▶ **Directions for this task**:
The full listing must be reproduced exactly as given.

▶ **Dataset section**:
_ _ _ _ _

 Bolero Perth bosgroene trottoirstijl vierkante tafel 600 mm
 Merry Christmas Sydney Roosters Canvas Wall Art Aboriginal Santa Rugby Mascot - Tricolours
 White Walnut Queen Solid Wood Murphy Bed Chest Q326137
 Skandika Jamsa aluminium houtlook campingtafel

_ _ _ _ _

▶ **Written answer**:
 Bolero Perth bosgroene trottoirstijl vierkante tafel 600 mm
 Merry Christmas Sydney Roosters Canvas Wall Art Aboriginal Santa Rugby Mascot - Tricolours
 White Walnut Queen Solid Wood Murphy Bed Chest Q326137
 Skandika Jamsa aluminium houtlook campingtafel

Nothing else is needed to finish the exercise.